Pernikahan pun berlangsung dengan sangat meriah, semua tamu yang berdatangan pun bukan dari kalangan ekonomi menengah ke bawah. Namanya Cindy Putri, meski usia yang terpaut cukup jauh tak membuatnya menolak permintaan Ayahnya untuk menikah dengan Pria yang belum dia kenal sebelumnya.


Dari pernikahannya mereka di anugrahi sepasang anak, laki-laki dan perempuan. Tentunya menambah suasana kebahagiaan di dalam keluarganya kecilnya.


Pak Rian terkenal sebagai sosok Pengusaha yang ramah dan rendah hati.

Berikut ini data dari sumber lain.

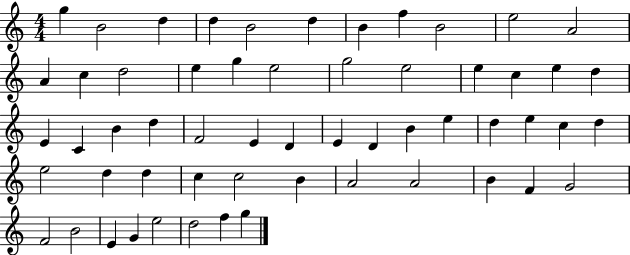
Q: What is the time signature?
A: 4/4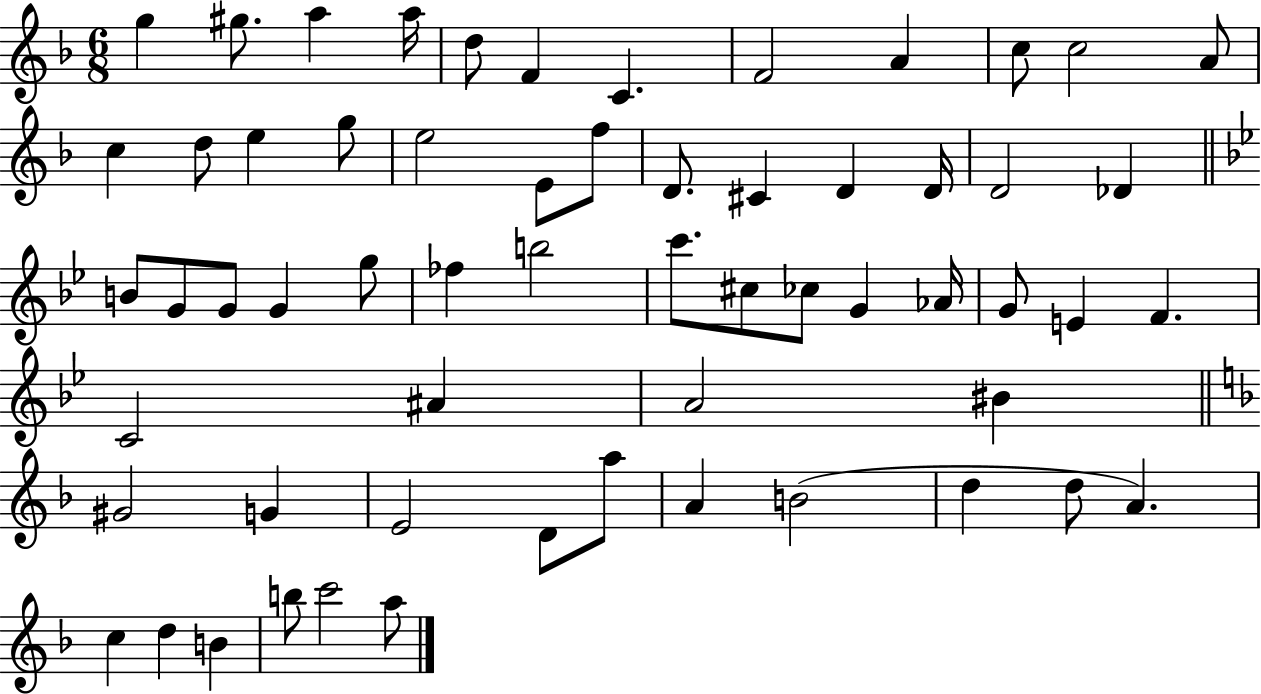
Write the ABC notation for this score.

X:1
T:Untitled
M:6/8
L:1/4
K:F
g ^g/2 a a/4 d/2 F C F2 A c/2 c2 A/2 c d/2 e g/2 e2 E/2 f/2 D/2 ^C D D/4 D2 _D B/2 G/2 G/2 G g/2 _f b2 c'/2 ^c/2 _c/2 G _A/4 G/2 E F C2 ^A A2 ^B ^G2 G E2 D/2 a/2 A B2 d d/2 A c d B b/2 c'2 a/2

Mungkin karena dua karakter yang di milikinya membuat semua klien merasa senang bekerja sama dengannya. Termasuk dari Perusahaan dimana Embun bekerja.


Tokk. . .tokk. . tok. . .


"Selamat siang, Pak. Maaf menyita sedikit waktunya. Ada berkas yang harus Bapak tanda tangani." Ucap sekretarisnya dengan ramah.


"Oh, baik. Kemari." Ucap Pak Rian dengan senyuman khas yang seolah tak pernah hilang di wajahnya.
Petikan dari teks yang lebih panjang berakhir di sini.